At the center of shiva is the mourner’s Kaddish, a prayer that doesn’t actually mention death directly. It’s a prayer of praising God and inviting peace for people and all Israel. Although I didn’t understand its words during shiva, and only learned about them later, their repetitive cadence and rhythm felt like tapping into the 4,000-year chorus of mourners that have uttered them over centuries. The prayer begins like this: “Magnified and sanctified, may His great name be in the world that He created, as He wills …”
Throughout the week of shiva, visitors entered Vera’s home without knocking, so that the family could be freed from the obligation to greet and host.
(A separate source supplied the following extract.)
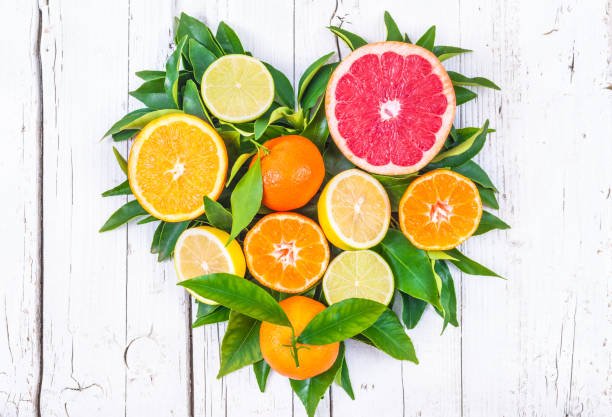 frutas cítricas corazón vitamina c sobre fondo blanco. - fruit winter orange lemon fotografías e imágenes de stock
The mirrors were covered, a form of self-effacement meant to focus fully on the loss, all distractions set aside. Showering, cooking, laundry — all the routine tasks belong in the other reality, not this one. The ordinary rules of life were suspended to make room for grief.
Vera’s husband Joe wore his shirt torn on his chest. When I asked what it meant, he flipped the Torah open to a passage that talked about Job tearing his robe after losing his children and his livelihood. When grief leaves you incapable of knowing what to do next, Joe explained, it helps to be given something to do — rituals, gestures, symbols that can speak for you when the mind moves slowly and it’s hard to find the right words.
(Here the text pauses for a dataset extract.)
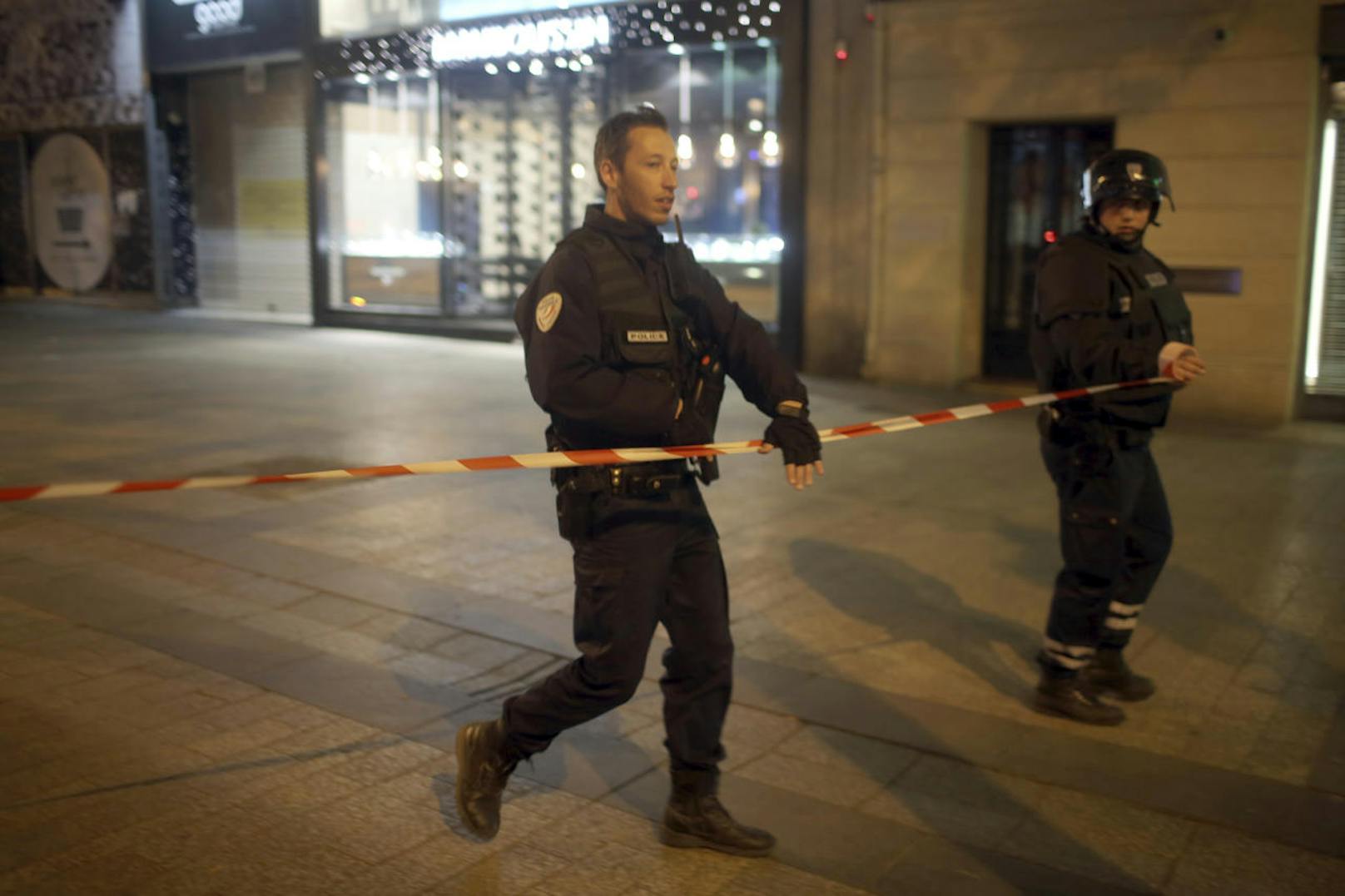 Die Polizei hatte erst am Dienstag in Marseille zwei mutmaßliche Islamisten festgenommen, in deren Wohnung ein Waffenarsenal versteckt war.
The more I learned about shiva, I was struck by how entwined the rhythms of the tradition were with the very practical needs of the mourner. Shiva didn’t treat grief as a disruption to life; instead, it allowed for the darkest and most disorienting feelings to sit at the very center of human experience. As the bereaved surrendered to the tradition, it served them by inviting them to fully let go of their routine responsibilities for seven days, accept meals, shopping trips, extra sleep, anything they needed.
The fragility of human nature and incapacity that comes with grief were not only permitted at shiva — they were welcomed and sanctified.
Strangers connected
I always felt that I occupied an important place in Vera’s life, that I was part of some inner circle of friendship. She was the one to call me, to invite me to some kind of festivity. She made me feel special. But during shiva, I discovered that every person in that room felt the same way I did. The intertwining web of Vera’s friendships was vast — it included me and so many other people I had never met.
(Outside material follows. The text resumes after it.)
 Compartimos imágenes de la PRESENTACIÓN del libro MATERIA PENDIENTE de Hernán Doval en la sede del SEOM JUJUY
As we mourned her, we also came to know her more fully. People asked what Vera was like as a child, how she met her husband, who wanted to get married first. (To my surprise, it was Vera who wanted to take things slow.) We even laughed remembering the more quirky moments — her inflatable Halloween costume or hauling bags of groceries on a scooter.
Discovering the kinship we all shared with one person made me feel a deep sense of sisterhood and brotherhood to people in the room I had never met. They were, in a sense, strangers, but through our shared love for Vera and through our presence there, we were somehow connected.
“She would have loved this,” Joe said one night.
In his book “Kaddish,” American writer and editor Leon Wieseltier writes about his experience reciting the mourner’s Kaddish every day after the death of his father. He talks about the necessity of a complete breaking in mourning.
“There are circumstances that must shatter you; and if you are not shattered, then you have not understood your circumstances,” Wieseltier writes. “In such circumstances, it is a failure for your heart not to break.”
I felt that the ritual of sitting shiva was a gift that made this kind of complete breaking apart fathomable, and even beautiful.
Wieseltier continues, “Transformation must be met with transformation. Where there was the old life, let there be the new life. Do not persevere. Dignify the shock. Sink, so as to rise.”